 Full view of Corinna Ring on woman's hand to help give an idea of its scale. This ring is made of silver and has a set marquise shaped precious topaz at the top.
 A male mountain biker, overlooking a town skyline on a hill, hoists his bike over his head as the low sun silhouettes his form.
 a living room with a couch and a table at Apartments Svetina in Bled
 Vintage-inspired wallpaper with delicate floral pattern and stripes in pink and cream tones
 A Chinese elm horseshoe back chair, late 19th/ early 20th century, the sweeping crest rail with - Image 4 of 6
---
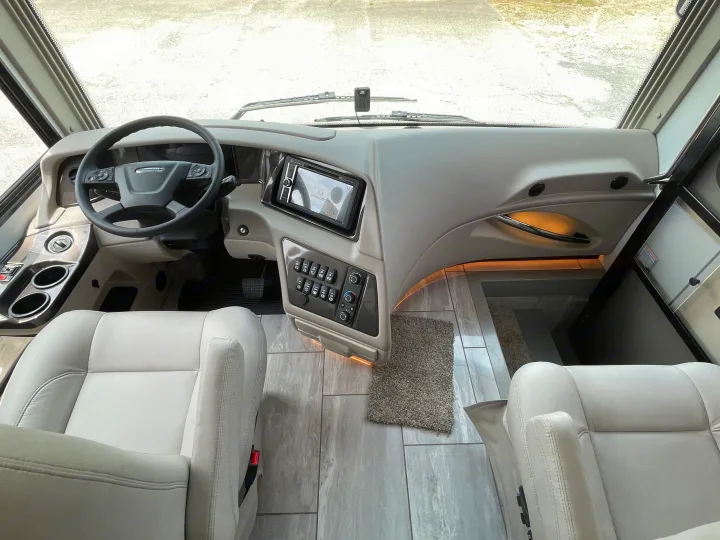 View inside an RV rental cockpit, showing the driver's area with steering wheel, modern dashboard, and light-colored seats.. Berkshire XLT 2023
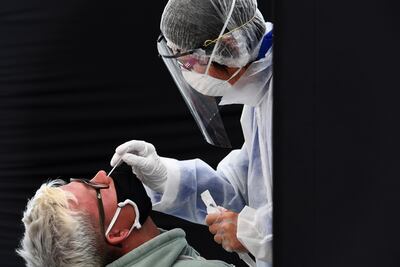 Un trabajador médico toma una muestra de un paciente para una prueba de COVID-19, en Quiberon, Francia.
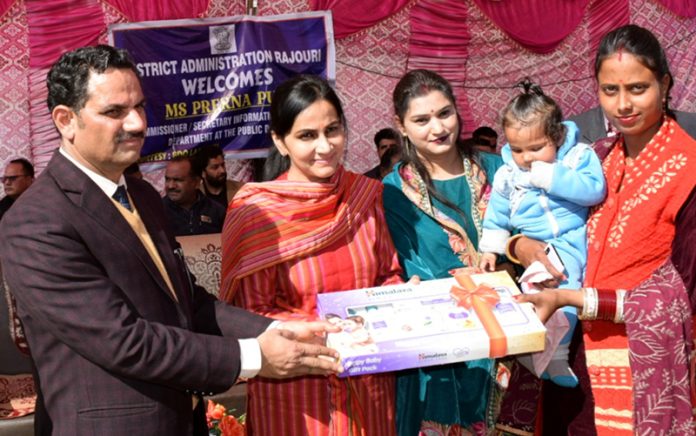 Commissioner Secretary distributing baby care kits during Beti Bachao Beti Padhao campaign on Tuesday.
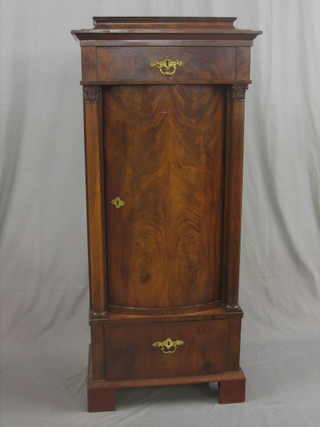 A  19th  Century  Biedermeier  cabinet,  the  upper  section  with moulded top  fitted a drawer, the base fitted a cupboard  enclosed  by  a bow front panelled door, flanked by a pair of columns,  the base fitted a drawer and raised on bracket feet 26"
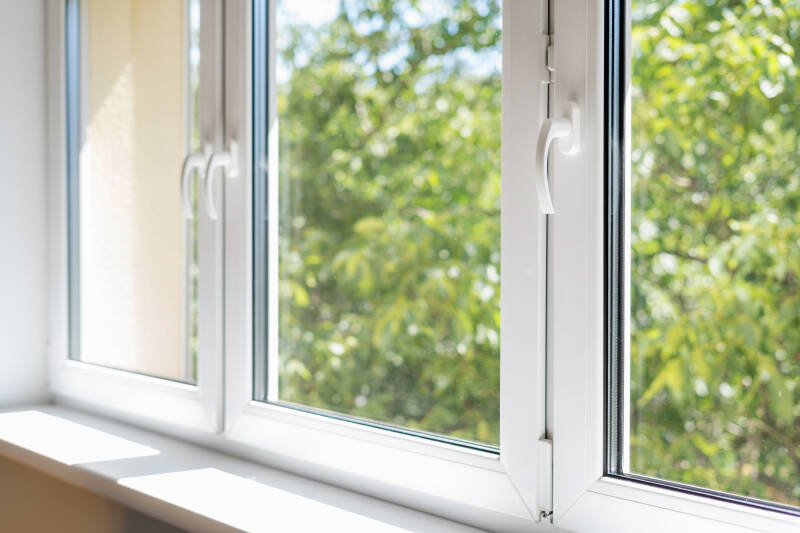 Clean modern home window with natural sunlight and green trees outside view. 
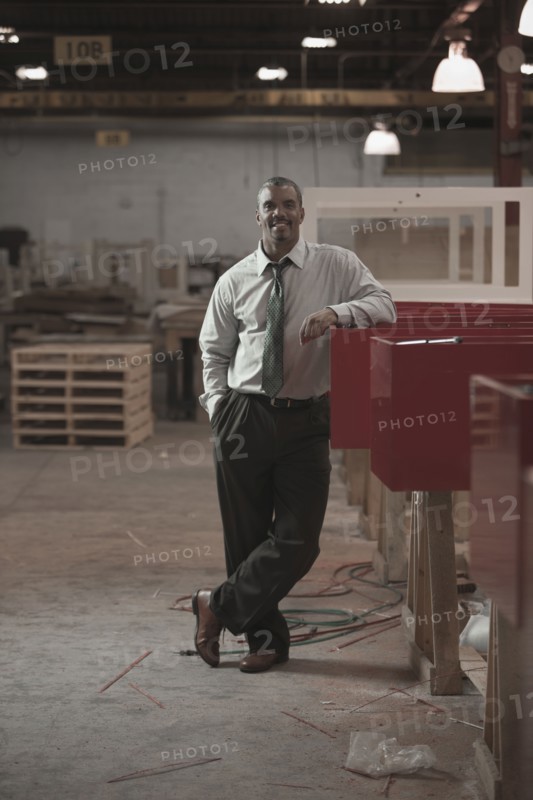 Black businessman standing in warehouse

**What is required:** Every line above from the one with "Clean modern home" down to the one with "Black businessman standing in warehouse" must be written out exactly, and no picture may appear.

**Task result:**
 Clean modern home window with natural sunlight and green trees outside view. 
 Black businessman standing in warehouse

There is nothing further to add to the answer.